▶ [EXERCISE REQUIREMENTS] Find the line below with "Maison Exclusive - Armadietto" and the line with "Zilveren Amsterdammertje ketting". Output them and the lines between, exactly, but not the pictures.
=== SUPPLIED ENTRIES ===
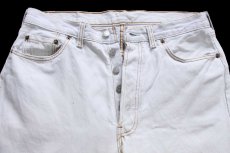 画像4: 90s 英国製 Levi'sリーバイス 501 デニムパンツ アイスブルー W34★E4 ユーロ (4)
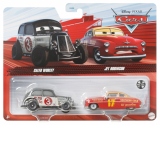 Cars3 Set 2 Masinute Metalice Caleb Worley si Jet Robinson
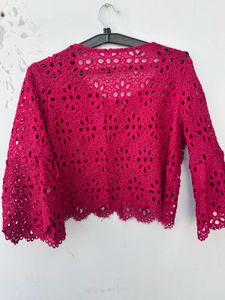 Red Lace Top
===
=== SUPPLIED ENTRIES ===
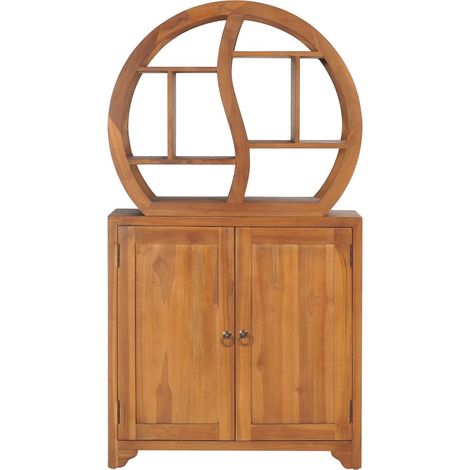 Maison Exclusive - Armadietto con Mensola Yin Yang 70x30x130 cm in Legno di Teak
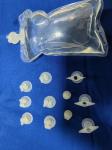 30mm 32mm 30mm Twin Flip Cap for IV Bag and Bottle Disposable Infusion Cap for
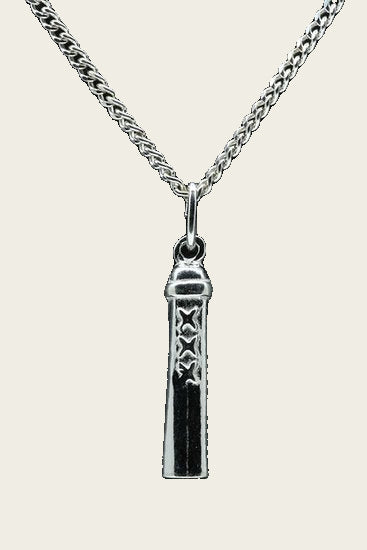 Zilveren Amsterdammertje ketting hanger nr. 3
===
=== SUPPLIED ENTRIES ===
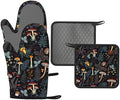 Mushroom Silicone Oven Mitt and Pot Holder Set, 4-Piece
===
▶ [OUTPUT BELOW]
 Maison Exclusive - Armadietto con Mensola Yin Yang 70x30x130 cm in Legno di Teak
 30mm 32mm 30mm Twin Flip Cap for IV Bag and Bottle Disposable Infusion Cap for
 Zilveren Amsterdammertje ketting hanger nr. 3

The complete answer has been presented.